The original Archie
THE famous comic book character, Archie, who was introduced to the juvenile market in 1941 along with his fictional friends Jughead and Veronica at Riverdale High in a fictitious small American town, is now the focus of a worldwide media blitz. Here is one of those manufactured controversies in which news outlets react en masse to clever marketing. Archie is killed off as a character in the latest issue of Life with Archie in the course of defending his friend, Kevin, a homosexual character who was introduced in 2010. Kevin Keller is a senator who supports gun control. During the course of an attempted assassination, Archie intervenes and is killed by the assassin’s bullet instead.

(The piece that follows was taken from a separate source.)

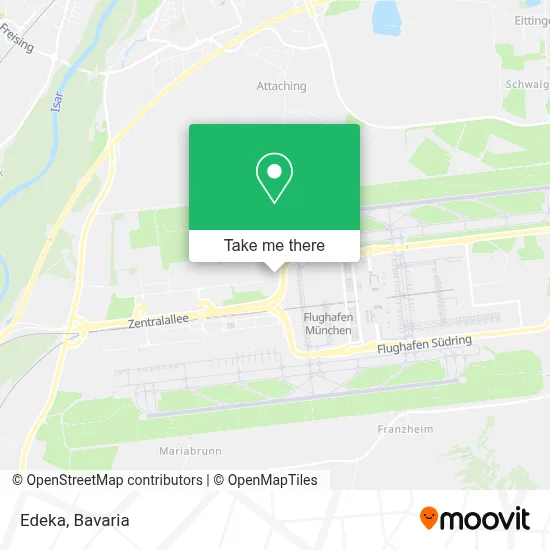 Edeka map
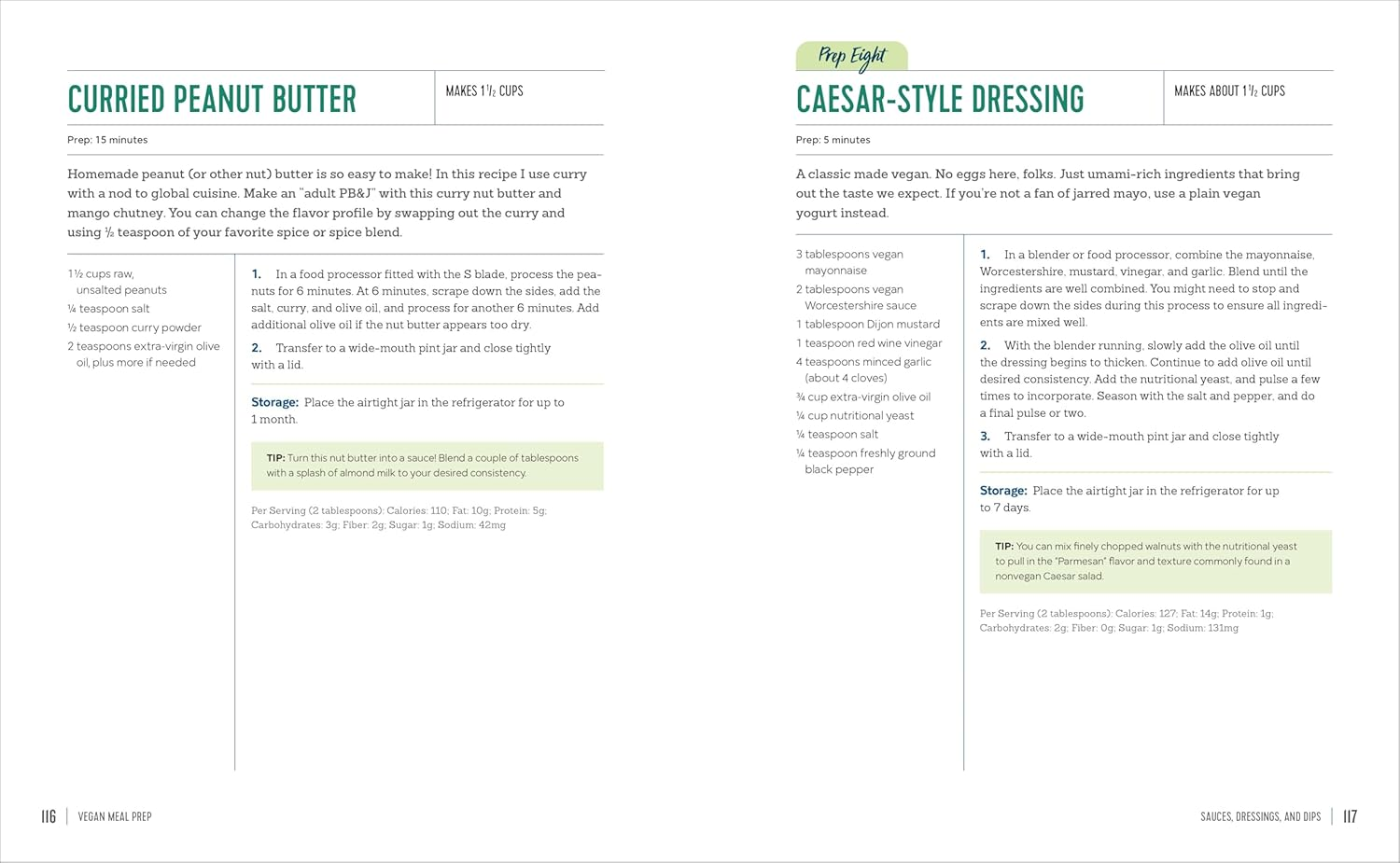 Vegan Meal Prep: Ready-To-Go Meals and Snacks for Healthy Plant-Based Eating image number 2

Thus, the controversy. Singapore has banned the comic because of its depiction of Kevin’s “marriage” to another man. And many have condemned the homosexual themes. None of this condemnation could possibly be unexpected or unwanted by Archie Comic Publications, Inc., which is one of a matrix of media companies, including the publisher Random House, now invested in the Archie stories as depicted in comic books, movies and digital media.
However, an important facet of this story has been generally overlooked. A living Archie is not so important anymore. A dead Archie is even better. Most of the characters of the comic book have now been transferred from life to the realm of horror in a new series, Afterlife with Archie.
Afterlife with Archie depicts a zombie apocalypse which begins in Riverdale. The comic is Archie Comics’ first title to be rated ‘teens and up,’ which means it has a potentially much larger audience.
Here is a synopsis from Wikipedia: “After a car driven by Reggie kills Hot Dog, Jughead asks Sabrina to bring his beloved pet back to life. She does, but with terrible consequences: Hot Dog becomes a zombie, and kills Jughead, who himself rises as a zombie and spreads the contagion.”
Archie Comics CEO Jon Goldwater has said that his father, the late John L. Goldwater, would have been “shocked by Afterlife (…) but shocked in a great way”.
That is probably true. The first four issues of Afterlife with Archie, introduced in 2013, sold out.
Archie Comics represents a now-familiar cultural trajectory, described so perceptively by the writer E. Michael Jones in his book Libido Dominandi. First comes fairly wholesome mass popular culture, with its homogenizing effects. Then comes sexualized mass entertainment, with profit as the single greatest motive for transgressing former taboos. Then, as much of society is suffering the personal chaos, disorientation and alienation caused by the Sexual Revolution, horror becomes a major preoccupation of mass entertainment, its purveyors reacting with prompt sensitivity to the appetites of this disoriented public. Horror confirms the inchoate awareness and knowledge of chaos and social apocalypse. Archie was destined to die defending sexual transgression and to become a superhero in a world of zombies.
Archie, angry and vengeful shortly before his death.